Acesso à justiça. O acesso aos tribunais está hoje condicionado por muitos fatores, como o valor das custas judiciais, as restrições ao apoio judiciário, o maior ou menos acesso a outros serviços judiciários, em especial, do Ministério Público. Mas, a distância geográfica é também uma componente importante do acesso, e a reforma do mapa judiciário não deveria contribuir para agravar a desertificação do território. Com esta reforma, a justiça ficou, em geral, mais distante. É preciso compreender o empobrecimento das populações, as assimetrias territoriais, as dificuldades e os custos com deslocações de partes e de testemunhas, até que o processo termine. Os equilíbrios entre racionalidade, acesso e cidadania podem ser obtidos por vias que não sejam tão punitivas para as populações que resistem no interior do país. Experiências de justiça itinerante, como no Brasil ou no Canadá, mostram como é possível encontrar equilíbrios entre racionalidade e permanência dos espaços de justiça com o seu simbolismo e proximidade. Esta via deveria ficar clara na reforma. E, nesta reforma, não fica. Daí ser legítima a suspeita que, mesmo as secções de proximidade rapidamente cedam a critérios de economia.       

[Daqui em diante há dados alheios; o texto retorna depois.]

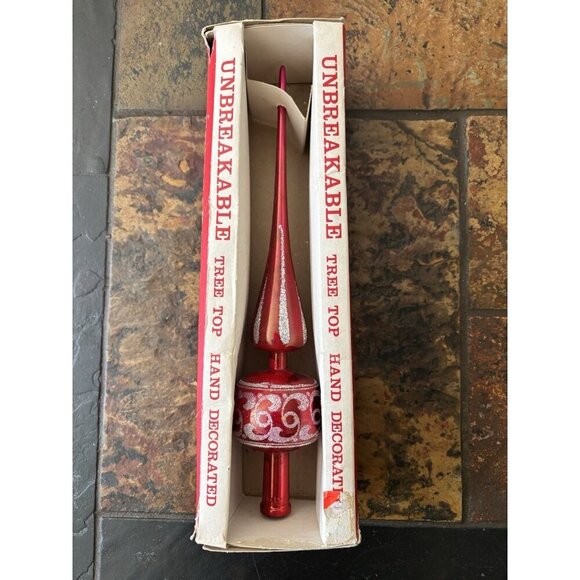 Vintage Yuletide Unbreakable Christmas Tree Topper Red Silver Glitter Italy - Picture 1 of 12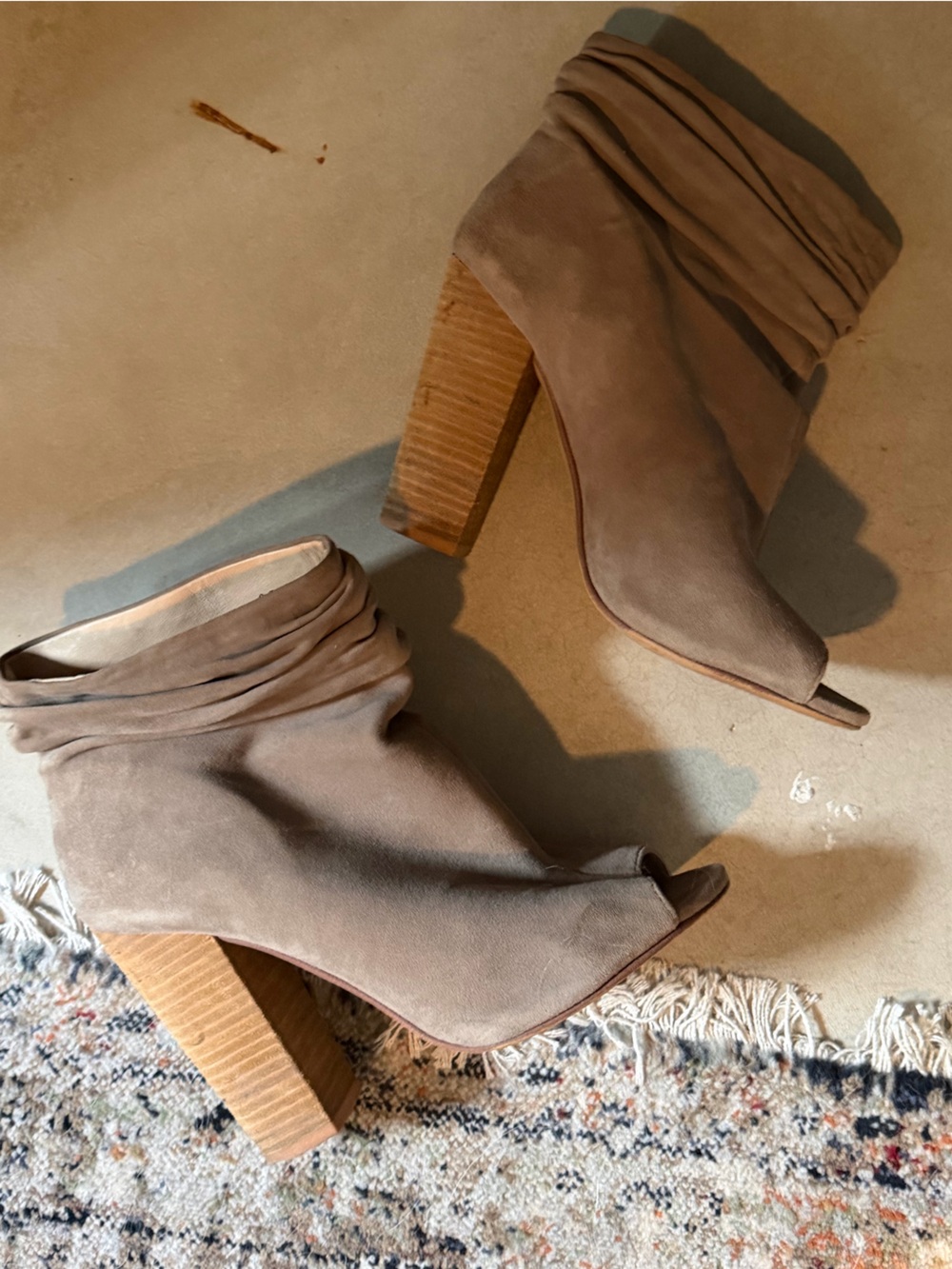 kristin cavallari open toe leather ankle booties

Qualidade e eficiência. A aposta na especialização e a concentração de litigação, como é o caso das ações executivas, pode trazer ganhos de qualidade e de eficiência. Contudo, em determinadas matérias, em especial no âmbito da justiça de família e de menores e laboral, a concentração deveria ser combinada com serviços de proximidade, designadamente do Ministério Público, de forma a não condicionar o acesso. Mas, a eficiência e a qualidade estão muito longe de poderem ser alcançadas apenas com a especialização das organizações da justiça. Os cidadãos e as empresas continuam a esperar, muito para lá do razoável, nos atuais tribunais de competência especializada. É, por isso, fundamental que os profissionais que desempenham funções nas secções especializadas adquiram formação especializada, o que não acontece, e que sejam introduzidas inovações no funcionamento interno e nos métodos de trabalho das unidades de apoio e de tramitação de processos, que permitam alterar um modelo funcional de décadas. Mas, sobre estas vertentes, a reforma pouco ou nada diz.